It has been stated that the Web Content Accessibility Guidelines are a 12-year-old standard with a 3% implementation. Whether that is true, is undocumented. However, what we can see from this current research is that the same issues continue to affect users of digital material. Organisations surveyed in this research seem to feel that their digital products are largely accessible. Yet the users do not agree, stating the same types of problems they have had for years with very little change.
Users seem to be more likely to raise the issue with website owners, which may be a consequence of legal action taken in different countries, or of website users becoming more aware of the legally mandated accessibility in most countries.
What is clear however, is that there is still a disconnect between what organisations think they are providing (perception), what uses expect (expectations) and what users are getting and how it affects them (reality).

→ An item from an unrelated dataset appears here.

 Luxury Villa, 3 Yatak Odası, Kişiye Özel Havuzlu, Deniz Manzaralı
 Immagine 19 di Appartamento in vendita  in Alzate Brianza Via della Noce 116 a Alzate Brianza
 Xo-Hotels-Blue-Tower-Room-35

Part of the issue identified in this research is that evaluation of a website’s accessibility is still largely being conducted in-house. This is akin to a student composing an examination, taking it, and then marking it themselves. It carries little validity and no guarantee for the website user. This is also reflected in the low numbers of organisations using third-party external accessibility specialists or carrying any type of certification.

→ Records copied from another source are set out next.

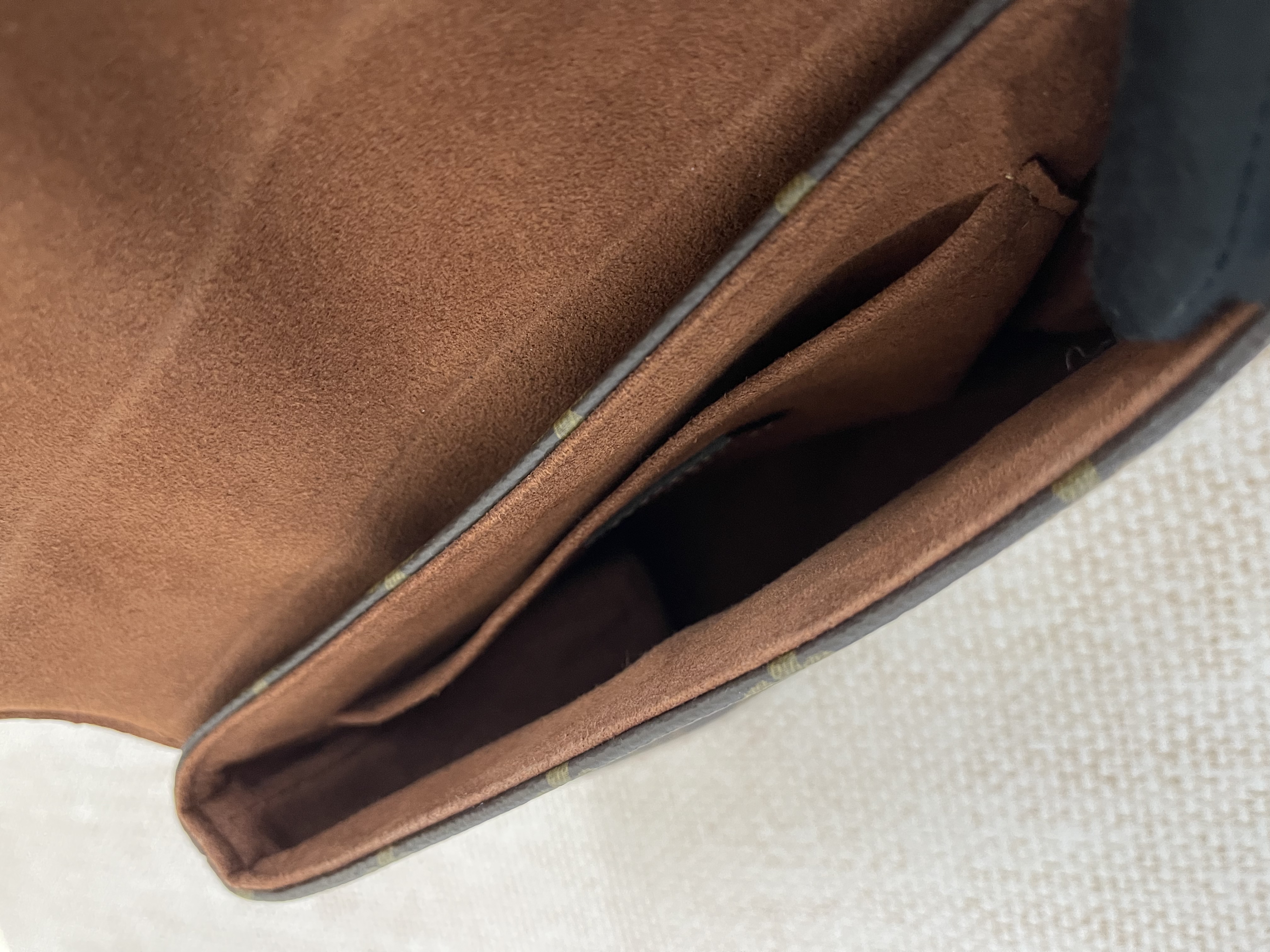 Pre-owned Louis Vuitton Locky BB Monogram Canvas Crossbody Bag/ Product Code: 26041911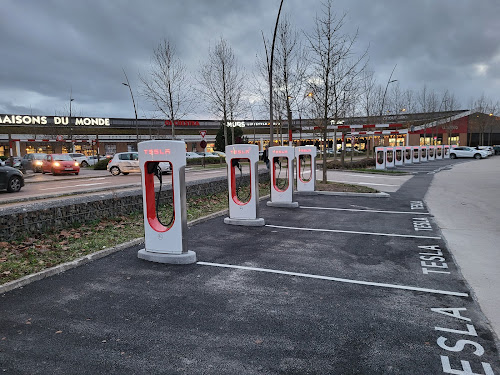 Borne de recharge de véhicules électriques Tesla Supercharger Saint-Parres-aux-Tertres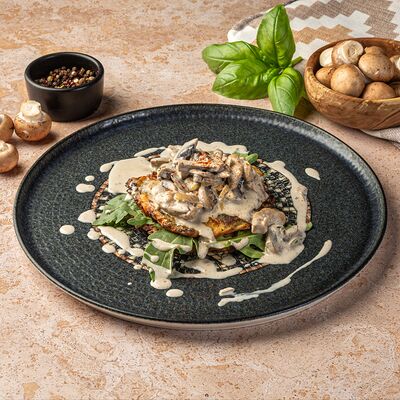 Драники с курицей и грибным соусом в Хинкальная Кинза по цене 860 ₽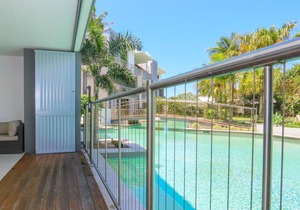 Deluxe Swim up - Drift North 7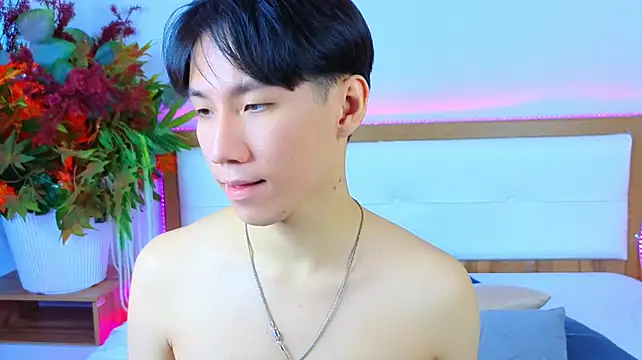 SunRay_o live cam on StripChat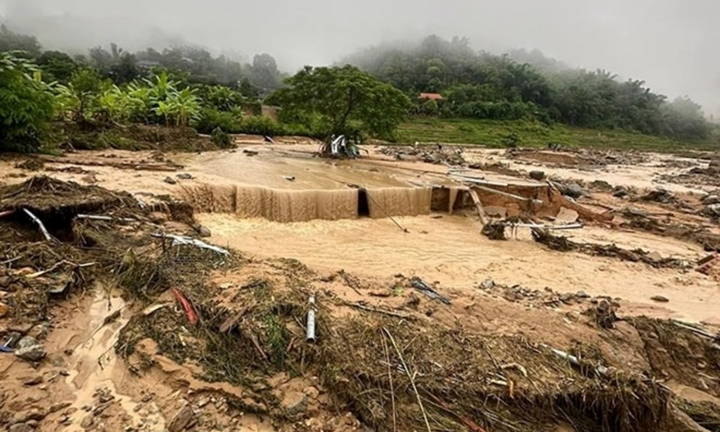 Lũ quét bất ngờ tràn về trong đêm ở Điện Biên, cuốn trôi 3 nhà dân, 2 người bị thương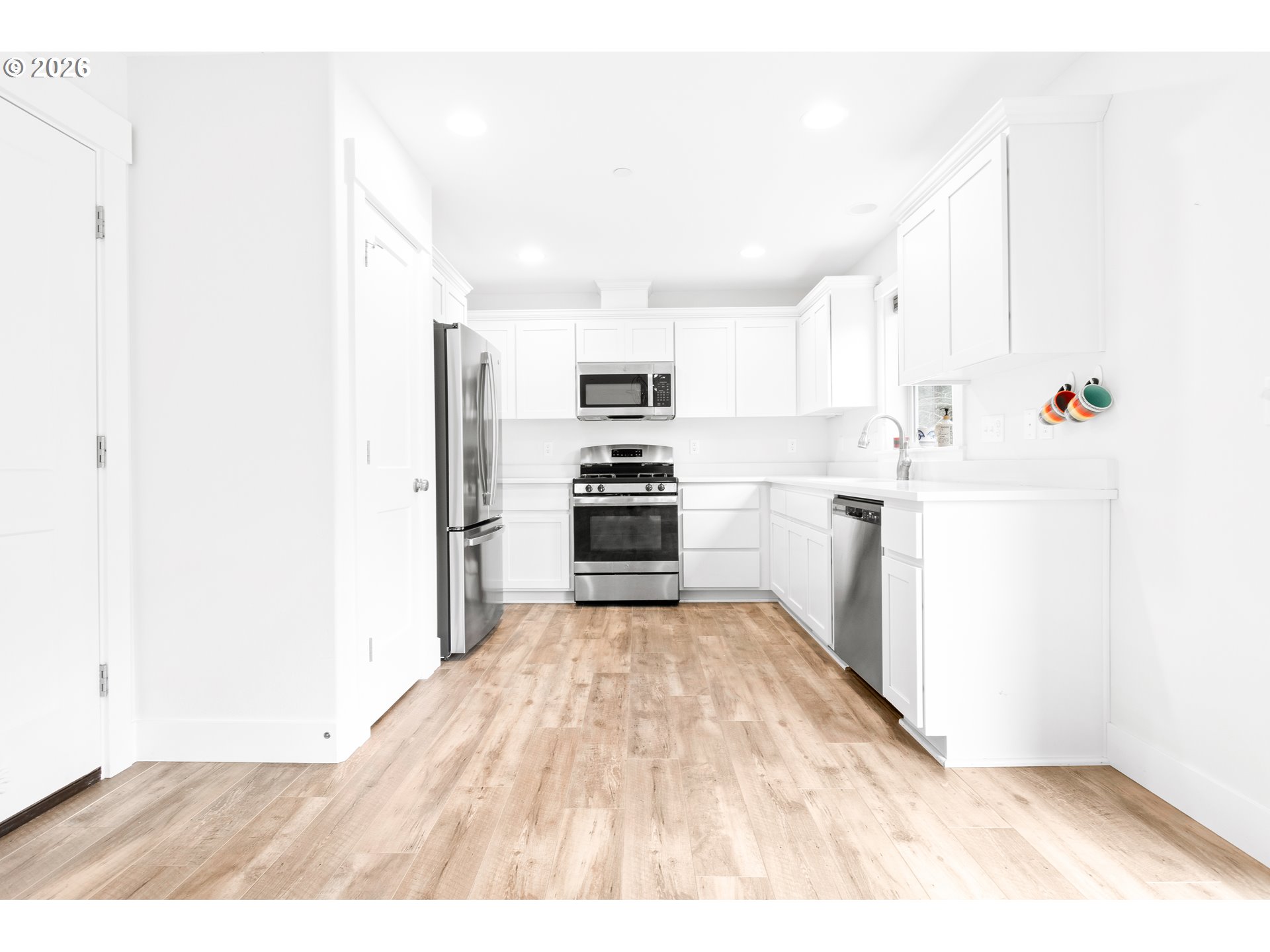 1463 Southeast Honeysuckle Loop Warrenton, OR 97146 - Photo 10 of 30 Kitchen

Accessibility statements often state that an organisation is attempting to implement the Web Content Accessibility Guidelines, Version x, to the best of their ability, and providing a means to contact them if a user believes this is not the case.
There have been legal cases where an organisation used an automated tool in-house and were found guilty of lack of accessibility as they were not properly educated in the proper use of even interpreting the results. (Gomez vs GNC https://www.adatitleiii.com/wp-content/uploads/sites/121/2018/09/GNC-Decision-S.D.-Fla..pdf)
The researchers asked organisational respondents if they used any standards for procurement such as EN 301549 or AS EN 301549. 49% stated they did, 30% stated they did not, and 21% were not sure. However, they were not clear on how they evaluated tender responses in accordance with those standards. Only 17% stated they needed a third-party validation as proof of accessibility compliance. Of organisations who required proof, 19% stated they required some examples of accessible websites created. However, it was not clear how they would examine those websites to determine if they were actually accessible. Hence, the prevalence of in-house validation and claims.
Once digital accessibility is more clearly mandated, with rules stipulating how claims can be made, and who can claim to be an accessibility expert, we may see improvement of this situation.